Grape-picking robots are much more complex. These require greater computing power to process finer-resolution vision algorithms to guide sensitive robotic arms and hands.
“We don’t build robotic arms in Australia, “Sukkarieh says. “But we do build mechanical weeding tools for robotic platforms. So it’s all about how complex any given part is.”
Currently, most agricultural robots are active in the fields and orchards of “early adopters”.
Farmers are like any other gadget consumer, Sakkarieh says. Some are eager to experiment with new ideas and tolerate the challenges of getting them working properly. Others wait for a more polished product to come online.
Ultimately though, it’s a numbers game.
“What they’re looking for is how much fruit you’ve left on the tree, how many pieces you’ve damaged, and how quickly you collected the rest,” Sukkarieh explains.
A robot doesn’t have to be perfect.
“Let’s say it picked 80 per cent of the fruit and damaged 1 per cent.
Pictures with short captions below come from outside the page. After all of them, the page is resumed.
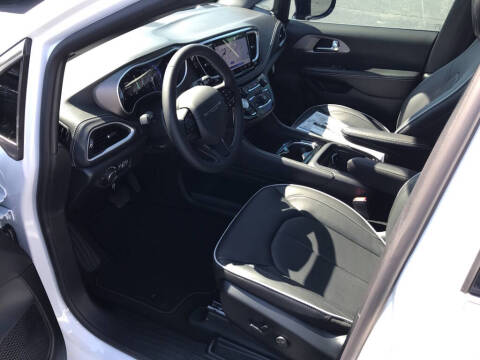 2027 Chrysler Pacifica Limited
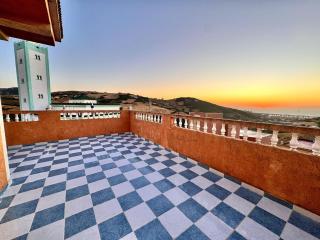 Chalet, para disfrutar de un amanecer, paz y tranquilidad en familia - - 8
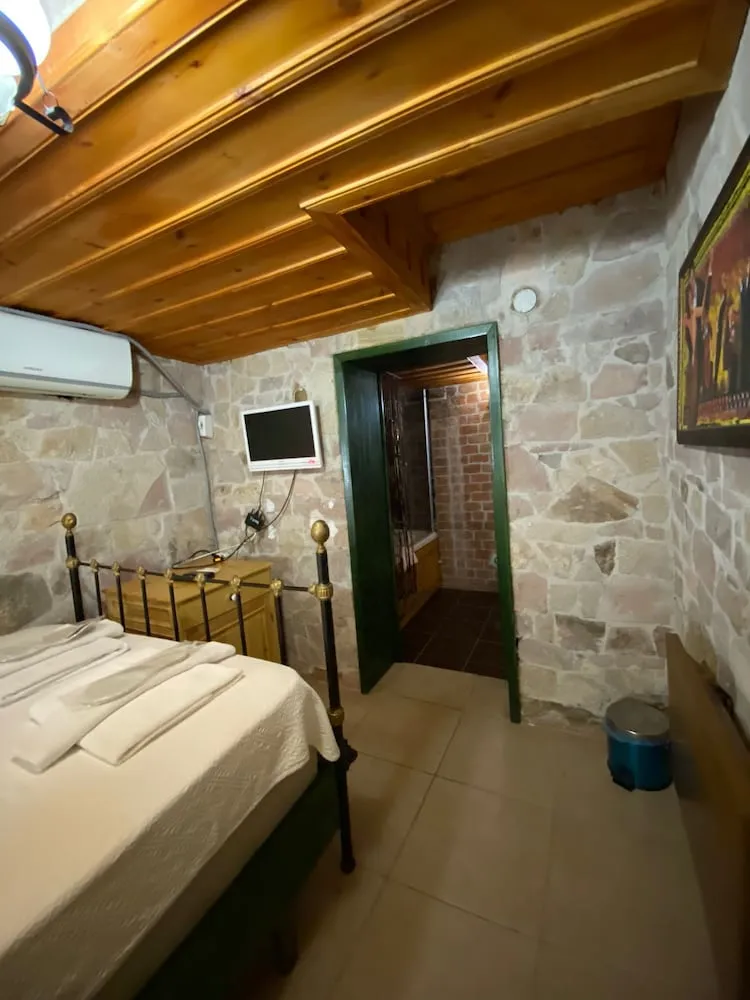 Taş Aile Odası, 2 Yatak odası, 1 Salon, Bodrum katı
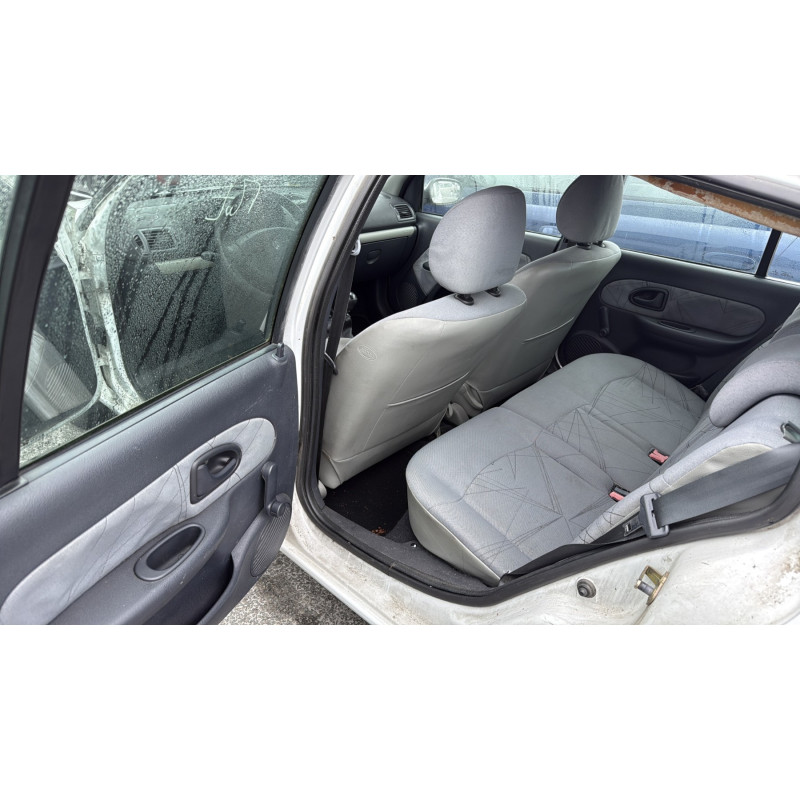 Moteur RENAULT CLIO 2 Photo n°15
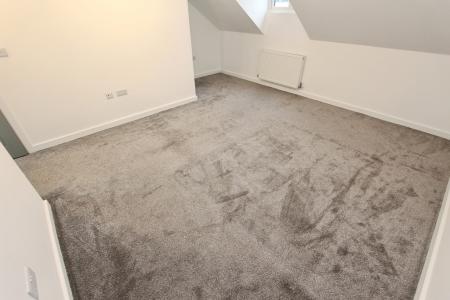 3 bedroom Semi-detached house to let in Tulip Street, Beeston, NG9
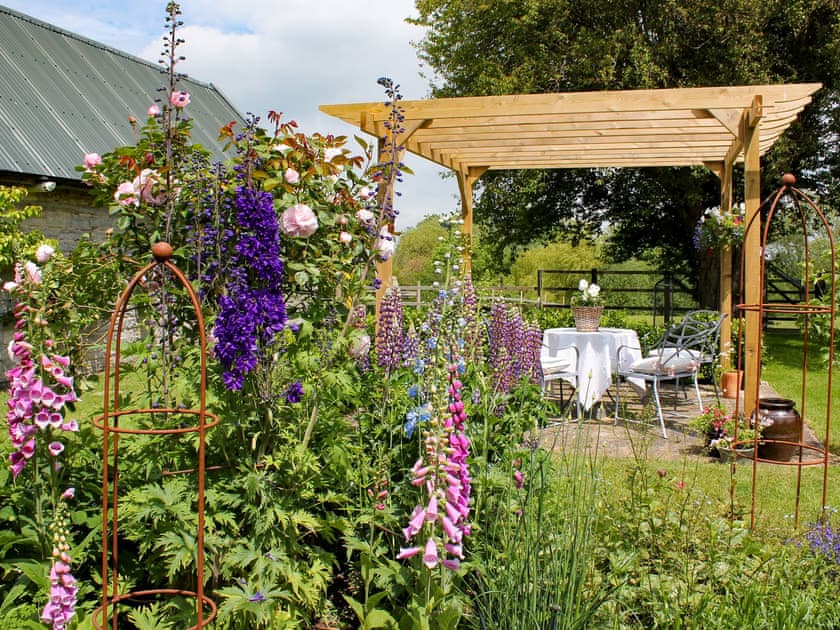 Garden and grounds | Paddock View, Knole, near Langport.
That leaves just 19 per cent of a crop needing human labour to harvest. And that could be a profitable trade-off for a farmer.”
But raw economics remains a challenge.
A grape-picking robot may be frantically busy bringing in a harvest for a month. But what does it do for the remaining 11?
“Farmers can’t afford idle assets,” says Sukkarieh. “So we may end up with travelling robot picking companies following ripening crops.”
That means some agricultural robots will have to be adaptable, with software and gripping hands capable of picking oranges one week and avocados the next.
Others will find more steady employment.
Strawberries, for example, are harvested year-round. And their farms are very uniform and regulated environments.
“The more structured the environment, the better a robot’s performance,” Sukkarieh says.